By Mansura Ghaffar, corporate communications manager, New York
 
“We’ve had this conversation before,” exclaimed an audience member during the IPG Black Employee Network-sponsored Black in Advertising & America seminar.
 
He was right.
 
The advertising industry continues to ponder and question why minorities are underrepresented in the field. Sure, the numbers are inching up and more minorities are holding leadership positions. But, not enough.
 
Vita Harris, global chief strategy officer of Draftfcb, joined the panel of authors and industry professionals on Feb. 19. The panel, moderated by CNN anchor and special correspondent, Soledad O’Brien, looked at old challenges and new opportunities faced by African-Americans in advertising.
 
The honest, insightful, and no-holds-barred discussion applied to multiple ethnic and minority groups, including my own South-Asian background.
 
Tanner Colby, author of Some of My Best Friends Are Black: The Strange Story of Integration in America, observed that the most successful black professionals in advertising have learned to assimilate into Caucasian culture – a necessary business tactic since the ones who need to be impressed are primarily White and looking to work with people with whom they can “relate.”
 
Although this can pose an unfair challenge for minorities, Harris argued that as a homogenous and culturally melded American society continues to evolve, so will the industry.

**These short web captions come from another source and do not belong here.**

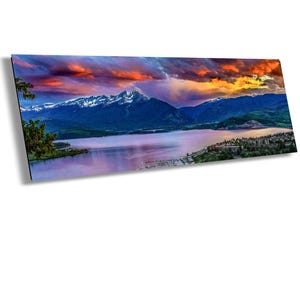 Sunset Over Dillon Reservoir #2, Golden Hour Photography in Colorado, Mountain Canvas, Scenic Landscape, Nature Photography, Lake Reflection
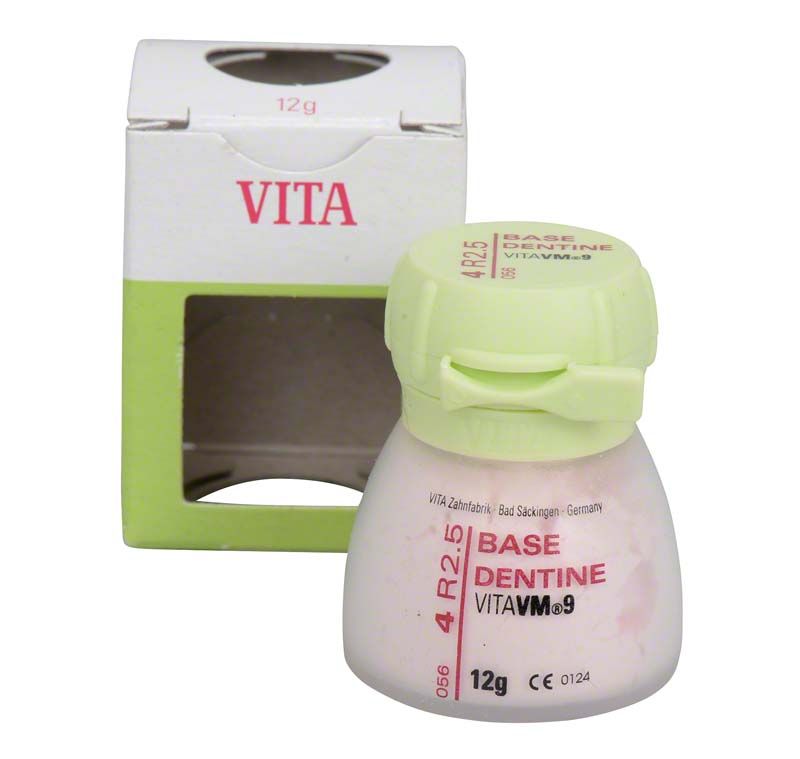 Dose VITA VM9 3D Base Dentin 12g 4R2.5 vor Verpackung.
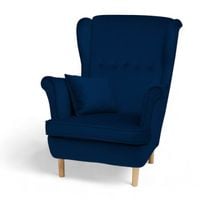 Granatowy Fotel Uszak + Poduszka GRATIS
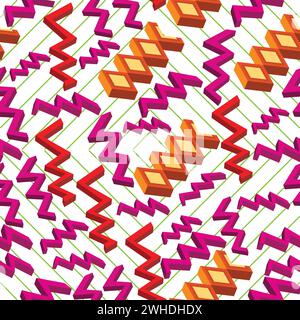 Creative colorful seamless pattern with 3 dimensional pink zig zag; colorful design with three dimensional shapes and green background Stock Vector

The advertising industry, like the country, is moving in a direction  that is being forced to embrace cultural differences, she said.
 
Because the industry has been slow to change, Leonard E. Burnett Jr., co-founder and group publisher for Uptown Media and VIBE Lifestyle, encouraged attendees to continue the conversation. The millennial generation and those following in their footsteps, he said, are growing up with a different understanding of race relations. Burnett argued that personal interests and experiences are influenced more by ethnic idiosyncrasies than race.
 
The event was necessary food for thought.